前川喜平さんの愚民発言を「違う」と否定する山口二郎さん


山口さんは野党共闘を下支えした市民連合の中心的人物で、前川さんとは同志と言って良い間柄。

コメント欄が興味深くて、「前川さんは間違ってる」にまざって『山口さんの指摘は「正論」だが、前川さんがこう言ってしまうのはわかる気がする』という声も少なくありません。

正直に言うと自分も前川氏のコメントに共感するところがゼロではないので、妻と長男に以下のような質問をぶつけて、腑に落ちるコメントをもらったのでシェアします。自分の気づきも追加してみました。(なお、当方は前川氏の評価は中立です)

ご意見や違う論点があればぜひコメントくださいー。

論点

『なぜ、こういう発想・発言がいけないのか?』
『平気で嘘・改ざん・ステマ・犯罪をやるような政党を信任することは愚かと言ってよいのでは?』
『実際に愚かな人はいる。事実。事実を述べて何が悪いのか?』

理由1)そもそも「愚か」という認識が間違っている

(1)優先するものが異なっているだけで愚かではない
例えば左派は国家の長期的繁栄の基礎となる「民主・公正・基本的人権(自由と権利)」が揺らいでいると感じて、他のどの政策よりも最上位においているが、極右は「中国共産党の脅威→日米安保」「夫婦同姓」を優先。人によっては「NHKスクランブル」を優先
(2)危機に気づいてない・感じてないだけ
これは25歳の甥の談話からの気付きです。たとえばバブル崩壊後に生まれた若者は日本が衰退した感覚がありません。そこそこ良い国と考えています。(理由は、独身で健康なら食べるに困る事もなく、治安もよく、香港・ミャンマー・ウイグルのような悲劇もない)。このため「変える必要がない」と考えている人が多いそうです。

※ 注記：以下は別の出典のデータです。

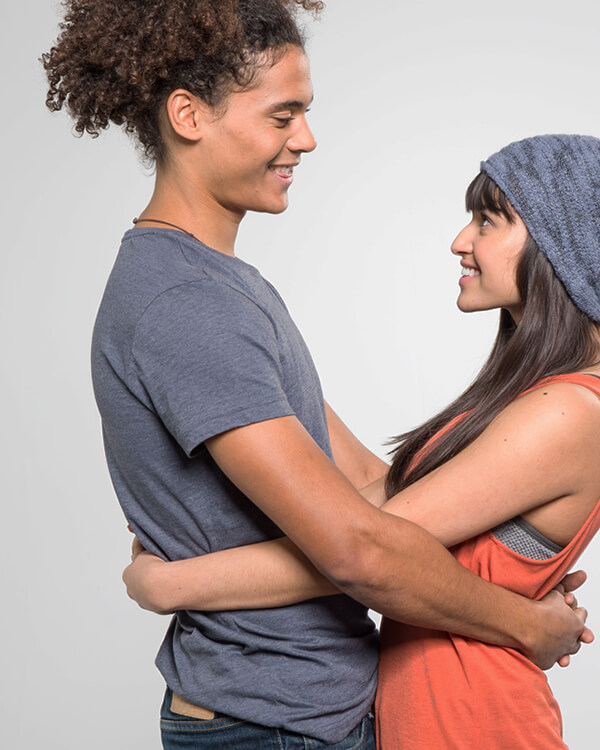 Pärchen hält sich in den Armen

【余談】これも甥の洞察ですが、若い人(20代くらいまで)は「いいところを探す」環境で育ってきたので批判に対する耐性がありません。その批判が正当かどうかに関わらず、生理的に「嫌い」だそうです。これが自民党や維新を支持する理由

理由2)次に「愚かな人はいる」として考えてみます

(3)憎む対象を間違えている
憎むべきは愚かな人でなく愚かな人を生む構造・環境。例えば生まれ育った家庭環境、出会った仲間や先輩、日本の義務教育に「主権者教育」が含まれていないことも大きい。(さらに、ここから派生して、自身は恵まれた環境にいたのではないか?に思いを馳せて、謙虚になるべきだったのではないでしょうか)
(4)それは「今」だけの可能性を無視している
思考を洗練している最中で変な方向に偏っているのかもしれません。私も一時期「小林よしのり」に傾倒したという黒歴史があります。苦笑
生きるのに精一杯で学ぶ時間がないのかもしれない。
大切なイベントを控えていたかもしれない。
(5)愚民思想は、ナチスによる虐殺をもたらした選民思想・優生思想に通じる
「愚民がいる」という発想・主張は「オレは優れている」「優れた人がいる」という考えと表裏一体です。「アーリア人が最優秀」という考え方と同じです。極めて危険な考え方です。

理由3)その他の観点

(6)「こんな人達に負けるわけにはいかない」と言った、安倍晋三さんと同じになってしまう。
(7)事実に基づいた異論・批判に対して「またアンチが騒いでる」と聞き流したり、敵認定する維新と同じになってしまう。

とりあえず以上です。適宜、追加・変更します。

そして、こういったことを忘れて「愚民」を憎む発言をしてしまうと、そこに生まれるのは、反発・憎悪です。分断を深めるだけです。

そこに「建設的な対話・思考」は生まれません。

前川氏のこの発言の狙いは何なのでしょうか?


・喧嘩したいのか?
・分断を深めたいのか?

それならこの発言でよいでしょう。うちの息子達も「このアホ!」「なんだと!」とよくやりあってます。笑


・議論を喚起したいのか?
であれば、逆効果です。それとも深謀遠慮があるのか?この後の発言に注目です。

・単に「愚痴」を聞いてほしかったのでしょうか?
であれば高くつく代償です。言葉を尽くして謝罪撤回しても、もはや誰も話を聞いてくれなくなるでしょうから。少なくともストレス耐性が弱く危機に対処できる人物ではない。という評価になってしまうでしょう。

以上。サンデル教授に白熱教室やってもらいたいな。

余談 やっぱりリベラル・左派が好きな理由

自民や維新の議員・支持者は、失政・不祥事・問題発言があっても、大抵はだんまり or 擁護という印象があります。安倍元首相や吉村府知事が同様の発言をした場合、同意・擁護するコメントが多数派を占めると思います。(実際、上述した6・7ではそうです)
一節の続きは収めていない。